DIY Fabric Planter Pots and Painted Planter Pots
With Mother’s Day coming up and spring in full swing, what better activity than a making a fun, fresh, personalized planter pot. It is simple and beautiful. In this tutorial I will make two styles, fabric-covered planter pots and painted planter pots. This would be a fun project to do with your children, and make a great gift to give to your own mother or friends.
- Terra-cotta planter pots (your choice of size- I did one 6 ” and two small pots)
- Round Terra-cotta base (only necessary if there is a drainage hole in the bottom of the pot you choose)
- E6000 Industrial Strength Adhesive
- Craft paint
- sponge brush
- Plant or soil and seeds of choice
When you decide what size pot you want to use, be sure you add a few inches to the height of the pot to be sure you have enough fabric. I would also recommend a non-directional pattern. Start by laying out the fabric with the back facing upward. Set the pot on the edge of the fabric, align a pen with the top of the pot and roll the pot with the pen so you make a curve shape. Repeat with the bottom edge of the pot. It should look like a rainbow arc with the two lines. In order to make sure you have enough to go around the circumference of the pot, you will want to make the curve look like ¼ of a circle (think pie charts). Cut along the lines.

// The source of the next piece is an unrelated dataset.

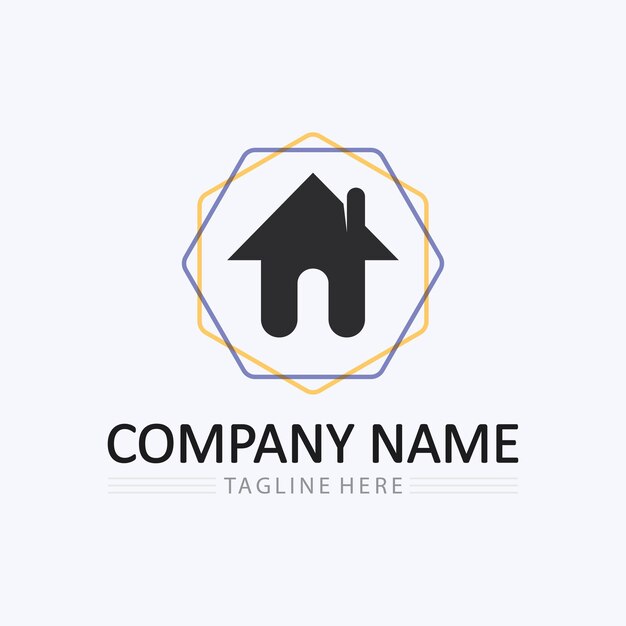Вектор Икона домашнего логотипа векторный иллюстрационный шаблон дизайна логотипа дома и дома векторный дизайн логотипа архитектура и дизайн здания недвижимость пребывание в домашнем поместье деловой логотип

Next you will want to align the pot on the edge of the fabric. Practice rolling the pot over the fabric so you make sure you have it aligned correctly before you glue. Next, place a light line of glue going top-to-bottom, and press the fabric into the glue. You will not want to put glue over the entire pot. One line is enough, however, you will want to let it sit and dry before tugging on it to wrap it around the pot. The reason you do not want glue over the entire pot is that terra-cotta pots absorb water when you water the plants. With just one line of glue, the fabric can breathe and dry out again if it were ever to get damp during watering. Once the initial line of glue dries (it took about 15 minutes for me) then wrap the fabric around the pot, pulling it semi-snug. Hold it in place and cut a straight line to cut off any extra fabric, making sure you leave a ½ inch or so overlapping. Then add the second line of glue directly over where the first line of glue was placed. Hold the fabric in place for a minute and then let it sit to dry again.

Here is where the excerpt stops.